I wanted to change the O2 therapy and up the ante to the correct delivery system.  The big bertha of tanks and mask combo. Get rid of that silly canula and start killing the beast in its tracks.
 
I called the Oxygen company and was told the respiratory therapist refused to give  her permission for a high flow tank with a non rebreather mask, even though you had ordered it.  She said it was too dangerous.  I called and asked the manager if she had had any experience treating cluster headaches, and he replied she had not and he confided the young lady had been very sarcastic about the fact that I had gotten the O2 article, which I faxed them, from my cluster headache support website.
 
I was even more sarcastic in a cover page  when I faxed back the support  data,which I had retreived from the Cleveland Clinic, Yale Healthcare website, and SUNY website supporting our OUCH O2 therapy.  Oh yeah and when I spoke to Bill Dubbs a director in Texas, at the American Association of Respiratory Care who suggested that any entry level respiratory therapist should have known that this was the only effective delivery method for this type of treatment.
 
I am leaving the house now.  Check the local news tonight as I may be down at Mediworld Kicking bony respriatory therapist ass and taking names if I do not get my killer tank and non rebreather mask!  
 
Give someone a pair of green scrubs and some static free shoes and they become  hyberbolic nazis! "NO O2 FOR YOU!"
 
By the way.....found the cat.
 
My eminent neurologist wants me to email him regarding my progress under his care.  This is infinitely easier than running the telephone gauntlet of his fat ugly  'trade school ancillary staff" who can spell neither Depakote nor Lithium.  I agreed.
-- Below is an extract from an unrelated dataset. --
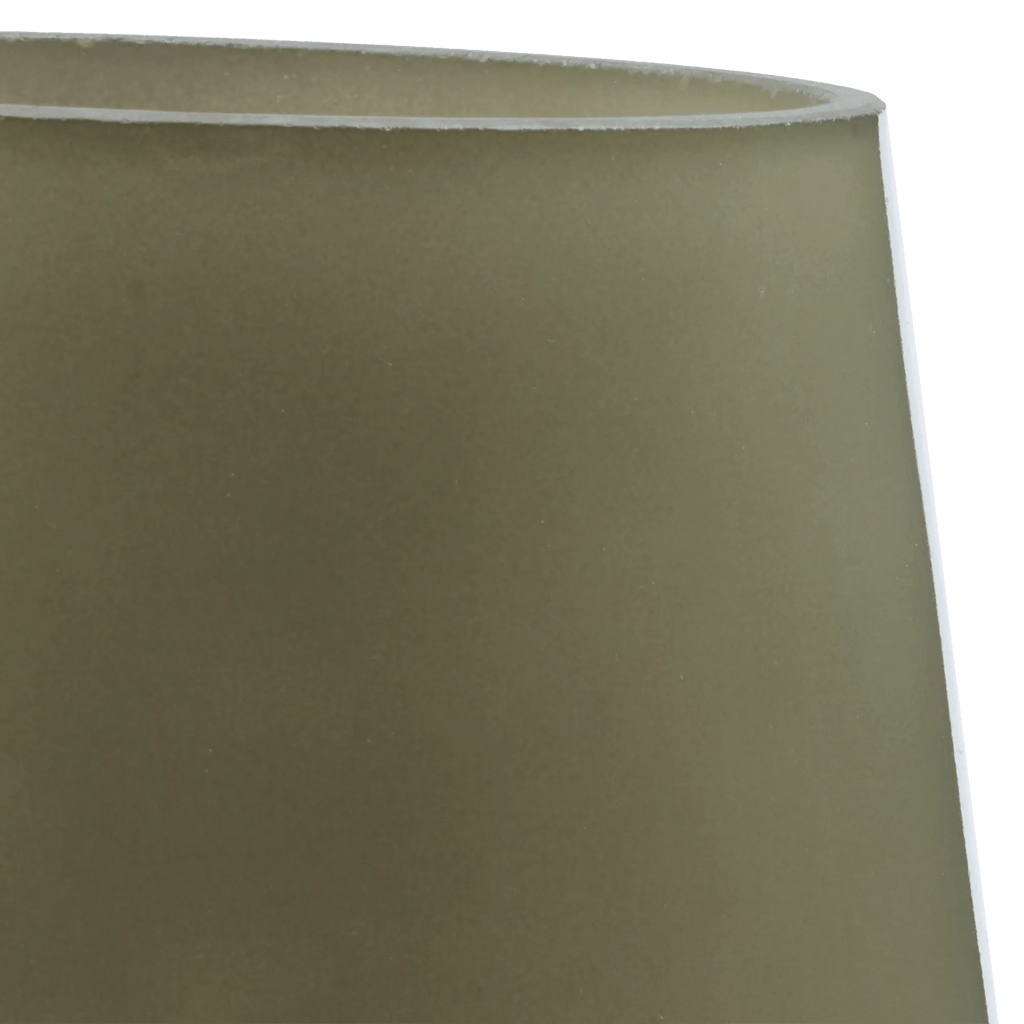 Khaki Glass Table Lamp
Seemed like a good choice.  
 
So I started sending him emails with the subject line titled The Topamax Report.  
 
After about 3 days I realized I had to rename the thing the Dopeymax Report as I was turning into either an eggplant or Boo Radley.
 
Not that I think he ever read these reports, as he never addressed any of my questions about ramping up et al.
 
Here are some excerpts. I will keep updating this from time to time to keep you smiling.... enjoy...
 
April 29, 2004
Dr. XXXXXXX,  
Latest update:
I am concerned, as the tingling in my hands has now spread to my face.  Do you know if it will spread any further?  Not that I am complaining, mind you, but I wouldn't mind if it settled in my nether regions.  This way I could get rid of my vibrator and save on electricity.........
 
Also, I seem to have lost the TV remote control - don't really need it- what with the blurry vision and all, but I am worried as I can't seem to remember where I last saw the cat.......she may be in the fridge.......haven't  looked in there in days..........THAT IS A GOOD SIDE EFFECT RIGHT? This should help take off that 20 pounds I gained when we tried the prednisone treatment that didn't work.
 
And I wowed them at jury duty.  I was in a prospective juror pool and  during 'Voir Dire' we were being asked about this particular case where the defendant was on trial for felony DUI. Well, when they got to me I was excused immediately as they thought I WAS DRUNK! As I left the courtroom I swear I could hear the judge whispering  "Run Forrest Run!"  What a great way to get out of JURY DUTY!  Can you get me a prescription for my friend Debbie?  She has jury duty next week.
 
By the way you never addressed the question I sent you about the CO Q 10, Magnesium, or Melatonin, therapies.  Do you want me to send you the research?  They are not prescription medications and not expensive, ergo you may not have any information about them.  
 
By the way thanks for the sample of the Amerge.  Color me surprised when I opened that big box and found 1 little pill!  Such a big box for such small pill.  I wondered why Glaxo would spend so much money to package and market a sample like that!  Color me even more surprised when the pill worked.  Color me ‘STOOOPOFIED’ when I got the script filled and ‘the little pill that could’ cost $20.00.  I told my pharmacist, “Hey for twenty bucks I should at least be getting high”!
 
Oh, yes next week I will be in Tijuana, well right outside just on the American side for about 3 hours, just long enough to pimp myself out to make enough money to cross over into Mexico and buy the Amerge for about $10 a pop.
 
I may miss writing a progress report but promise to make it up when I get back, if I don’t get busted coming back with 50 tabs of hot Mexican Amerge.
Sincerely,'
XXXXX G.
 
(I swear every incident is true, perhaps embelished, except for the cat, who will not come near me since I started taking the Dopeymax.......smart creatures!).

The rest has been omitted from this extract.